How to Build an Image Search Engine to Find Similar Images

Hello everyone! My name is Vlad Vinogradov, I am the head of the computer vision department at EORA.ai. We have been engaged in deep learning for over three years and during that time we have implemented many projects for both Russian and international clients, which included the research and training of models.

Recently, we have focused on solving the problems of finding similar images and at the moment have created systems for finding logos, drawings, furniture, clothing, and other goods.

This post is for Machine Learning Engineers and is based on my talk Finding Similar Images - A Guide from A to Z, which was published by the Open Data Science community at Data Fest Online 2020.

This article provides background information on the recommended methods used in the Image Recovery task. After reading the article, you will be able to create a search engine for similar images for your objective from scratch (not counting the process of developing a production solution).

About the project

A Similar Image Retrieval (aka Content-Based Image Retrieval or CBIR) is any search that involves images.
The picture above from the article Recent Advance in Content-based Image Retrieval: A Literature Survey (2017) will tell you about the problem most easily.

Nowadays, the "Search by photo" approach is being used actively, in particular, in e-commerce services (AliExpress, Wildberries, etc.). "Keyword search" (with an understanding of the content of images) has long settled in the search engines Google, Yandex, etc., but has not yet reached marketplaces and other private search engines.

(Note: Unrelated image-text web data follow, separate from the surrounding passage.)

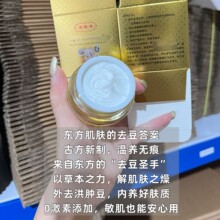 老香港纯仲药去豆膏快速去豆淡化豆印控油修复收缩毛孔敏感肌可用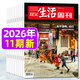 【共5期】三聯(lián)生活周刊 2026年7.8/9/10/11期  現貨打包 新聞期刊雜志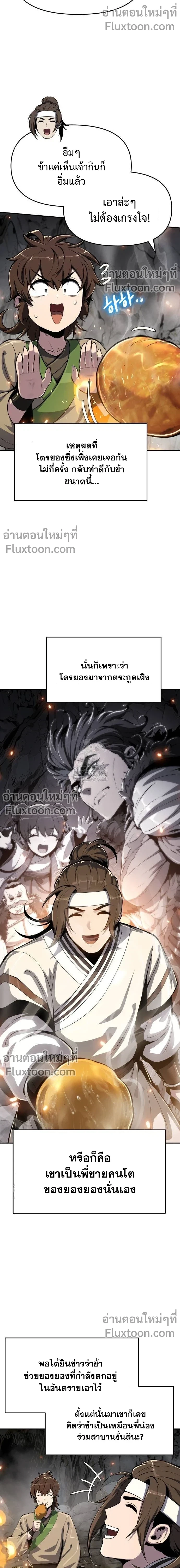 หน้าที่ 11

I think that since the appearance of the sensational CLIP: Connecting Text and Images in computer vision circles, the globalization of this approach will accelerate.

Since our team specializes in neural networks in computer vision, in this article I will focus only on the Search by Photo approach.

Basic service components

Step 1. Train the model. The model can be made on the classic CV or on the basis of a neural network. Model input - image, output - D-dimensional descriptor/embedding. In the case of the classics, it can be a combination of SIFT-descriptor + Bag of Visual Words. In the case of a neural network, a standard backbone like ResNet, EfficientNet, etc. + intricate pooling layers + clever learning techniques, which we will talk about later. I can say that if you have enough data or good practice, neural networks will almost always benefit greatly (we checked), so we will focus on them.

Step 2. Indexing the base of images. Indexing is a running of the trained model on all images and writing embeddings to a special index for quick search.

Step 3. Search. Using the image uploaded by the user, the model is run, the embedding is obtained and this embedding is compared with the rest in the database. The search result is the search results sorted by relevance.

Neural Networks and Metric Learning

The neural network in the task of finding similarities is used as a feature extractor (backbone). The choice of backbone depends on the volume and complexity of the data - you can consider everything from ResNet18 to Visual Transformer.

The first feature of the models in Image Retrieval is the magic in the head of the neural network. On the__Image Retrieval leaderboard__, they are fighting for building the best descriptors - there are Combined Global Descriptors with parallel pools and Batch Drop Block for a more even distribution of activation over the output feature map.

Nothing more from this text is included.